▶ **What the exercise asks**
Retype each line of the material exactly, please, skipping any picture in it.

▶ **Dataset section**

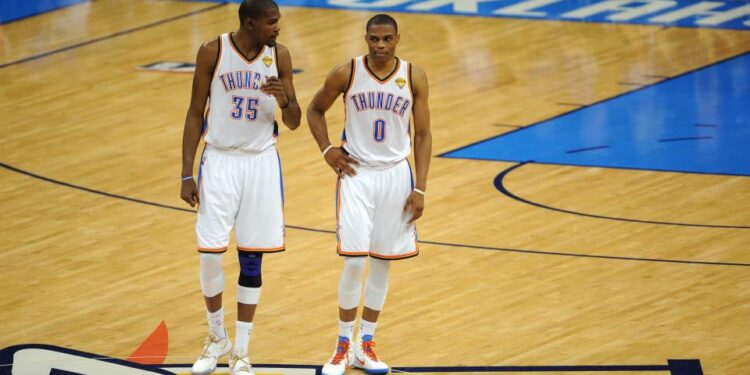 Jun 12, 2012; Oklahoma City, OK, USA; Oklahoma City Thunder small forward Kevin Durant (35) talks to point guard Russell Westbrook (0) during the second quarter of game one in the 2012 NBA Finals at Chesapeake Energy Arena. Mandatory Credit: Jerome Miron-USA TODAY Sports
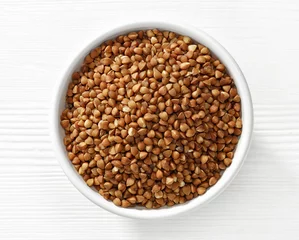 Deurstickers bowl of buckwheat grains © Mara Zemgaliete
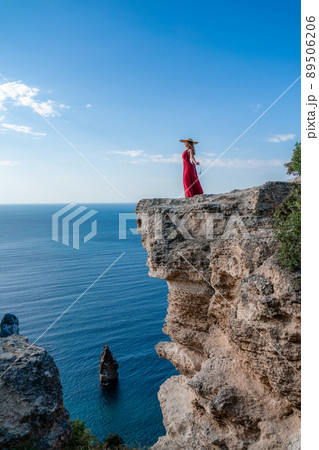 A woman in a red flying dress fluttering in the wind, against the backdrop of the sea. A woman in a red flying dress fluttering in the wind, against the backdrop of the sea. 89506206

▶ **Answer below**
 Jun 12, 2012; Oklahoma City, OK, USA; Oklahoma City Thunder small forward Kevin Durant (35) talks to point guard Russell Westbrook (0) during the second quarter of game one in the 2012 NBA Finals at Chesapeake Energy Arena. Mandatory Credit: Jerome Miron-USA TODAY Sports
 Deurstickers bowl of buckwheat grains © Mara Zemgaliete
 A woman in a red flying dress fluttering in the wind, against the backdrop of the sea. A woman in a red flying dress fluttering in the wind, against the backdrop of the sea. 89506206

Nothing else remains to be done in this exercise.